[DATA UNDER STUDY]
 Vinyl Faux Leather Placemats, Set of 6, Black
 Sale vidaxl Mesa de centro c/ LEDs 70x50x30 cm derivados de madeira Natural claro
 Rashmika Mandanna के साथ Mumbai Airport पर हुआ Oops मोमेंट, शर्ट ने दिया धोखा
==
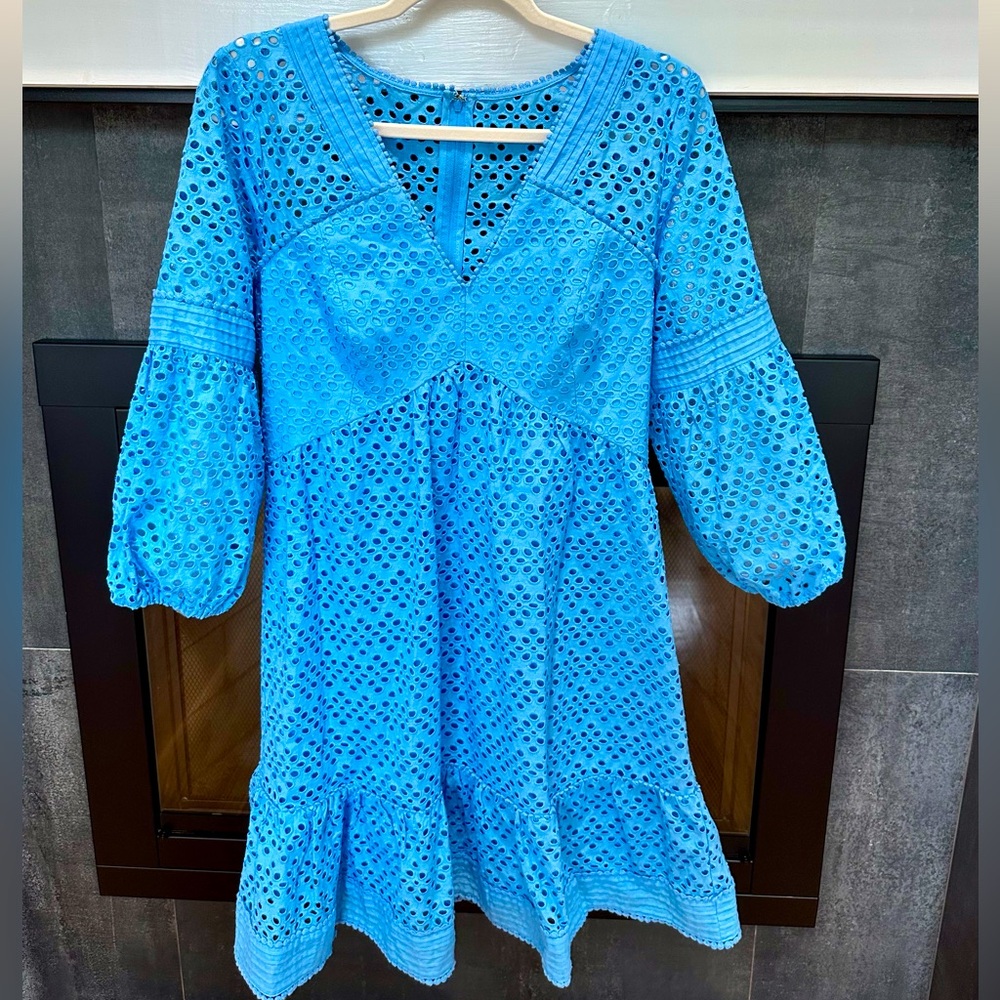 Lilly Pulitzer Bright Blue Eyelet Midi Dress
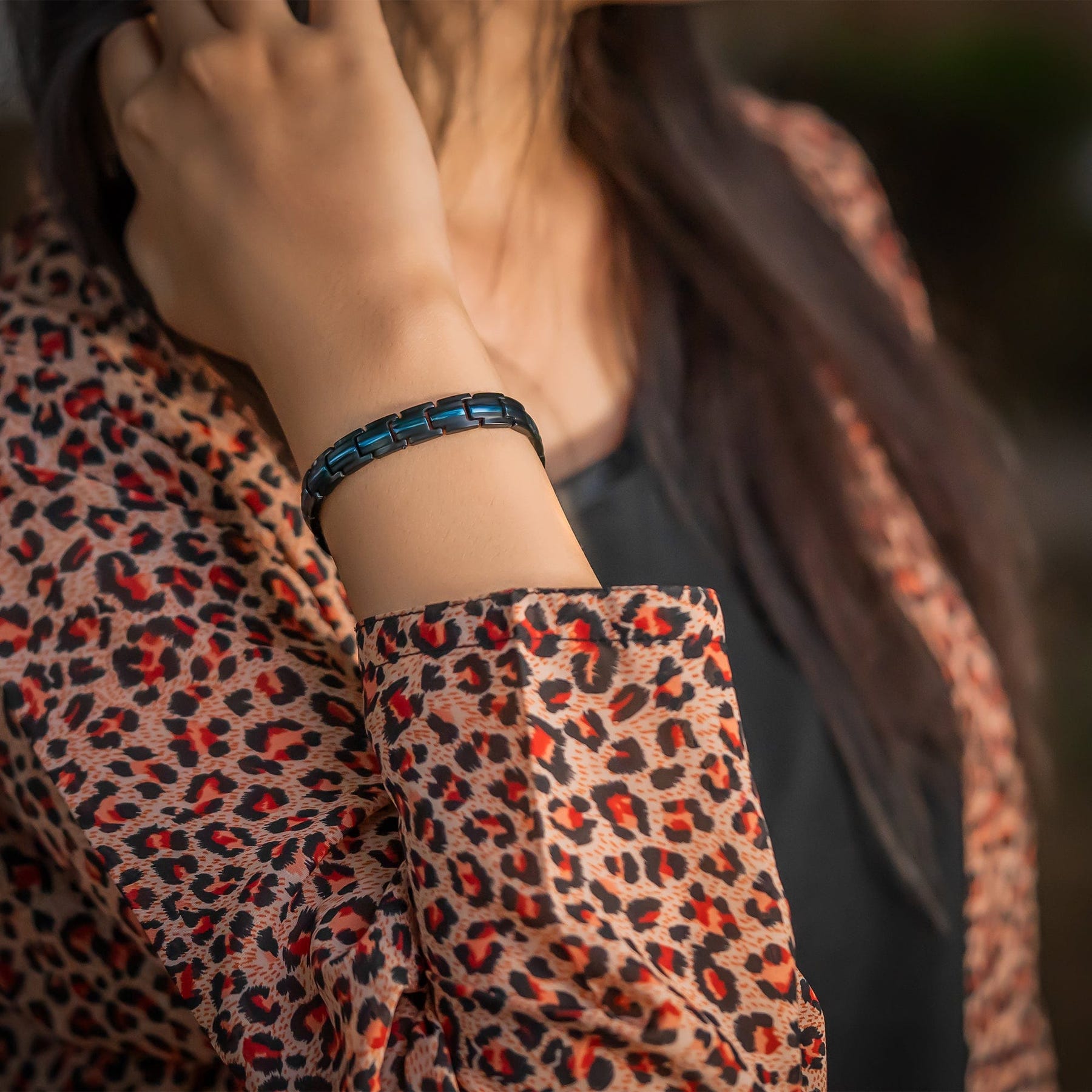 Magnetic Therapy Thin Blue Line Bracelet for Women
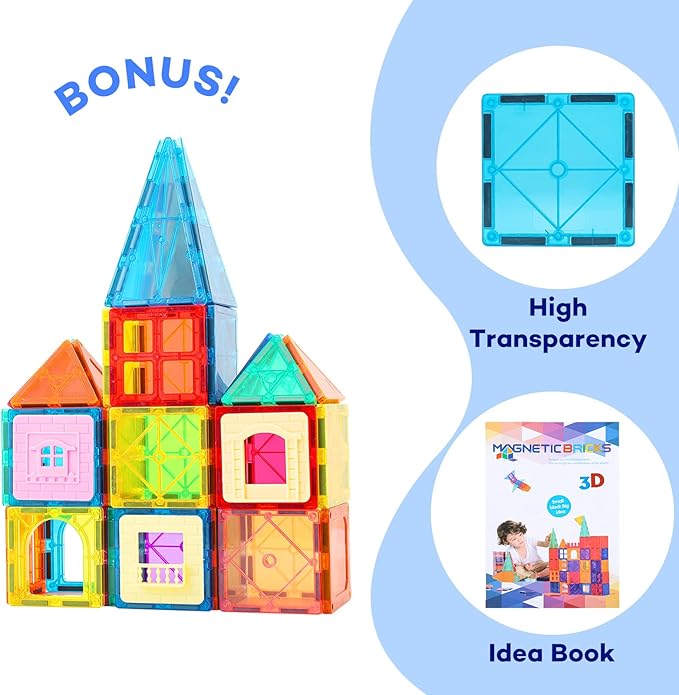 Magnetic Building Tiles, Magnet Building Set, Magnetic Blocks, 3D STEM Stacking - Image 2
---
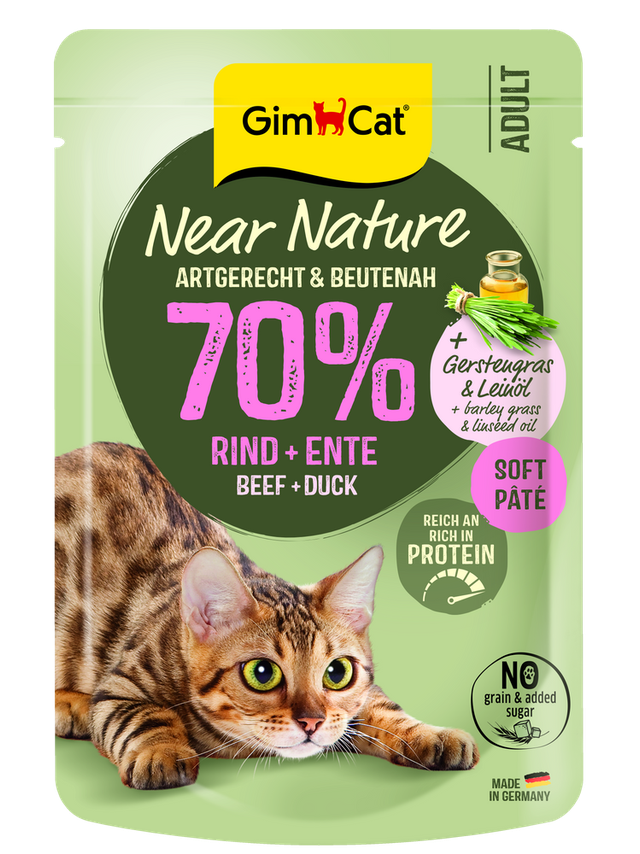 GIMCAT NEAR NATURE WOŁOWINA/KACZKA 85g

[TASK DIRECTIONS] Only one part of the material above is to be transcribed, namely the lines starting with the line that has "Vinyl Faux Leather" and going on through the line that has "Rashmika Mandanna के", exactly as they stand.

[ANSWER FOR THIS EXERCISE]
 Vinyl Faux Leather Placemats, Set of 6, Black
 Sale vidaxl Mesa de centro c/ LEDs 70x50x30 cm derivados de madeira Natural claro
 Rashmika Mandanna के साथ Mumbai Airport पर हुआ Oops मोमेंट, शर्ट ने दिया धोखा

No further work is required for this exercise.